Wyinnetka's Fashion Bug images from this season have also been quite attractive.
Despite recent news articles that warned of a "matronly" direction for Figure, the magazine is actually doing far more right than wrong. It thankfully contains no diet ads or weight-control stories, its banner proudly proclaims "Celebrating the plus-size woman," and it continues to use professional models who are genuinely full-figured (size 14 and up)--and even some, such as Nadia and Valerie, who are youthful as well. This adds up to a commendable publication. Although it may not be Mode, the magazine is infinitely more positive than any other glossy that is currently in print. It deserves the support of every admirer of timeless beauty, even as one continues to hope that its future editorials will be yet more gorgeous.
Re: The Fall Figure, with Nadia
Nadia is a gorgeous model, and I applaud Figure for its model selections. Overall, the magazine isnt as exciting as it could be (no "love affair" yet), but considering some of the horrible choices that previous incarnations of this magazine (or its predecessors) made about editorial content and ads, I think we have to be grateful for what we have, and just hope for better in the future. At least it is out there, showing the public plussize imagery that it wouldnt otherwise see.
I also appreciate the magazines choice of locations. The use of lush settings is helping to make plussize fashion campaigns more attractive all around. I just came across this beautiful image at The Bon Ton, showing a curvy-looking Maiysha in an idyllic landscape.
The mix of a visibly full figure and a rich, abundant landscape makes for a harmonious image of natural beauty.
Re: The Fall Figure, with Nadia
It takes a woman with the proper curves, like Nadia, to really fill out sweaters like that.
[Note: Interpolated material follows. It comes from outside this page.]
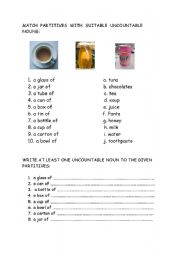 English Worksheet: Uncountable Nouns & Suitable Partitives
They truly would look prosaic being modeled on someone skinny.
I look forward to more great spreads from Figure. The one of the Old South rivaled anything you could find in Vogue!
Re: The Fall Figure, with Nadia
A new Fashion Bug ad featuring Nadia Peņa appears in the current (Oct. 2006) issue of Latina magazine, and, as the posted scan indicates, it is quite a stunning image. It follows in the line of Venus-and-Mars photography that has appeared in several recent fashion promotions and magazines, and most closely resembles the current MXM campaign featuring Kailee O'Sullivan, right down to the model's lacy, romantic blouse.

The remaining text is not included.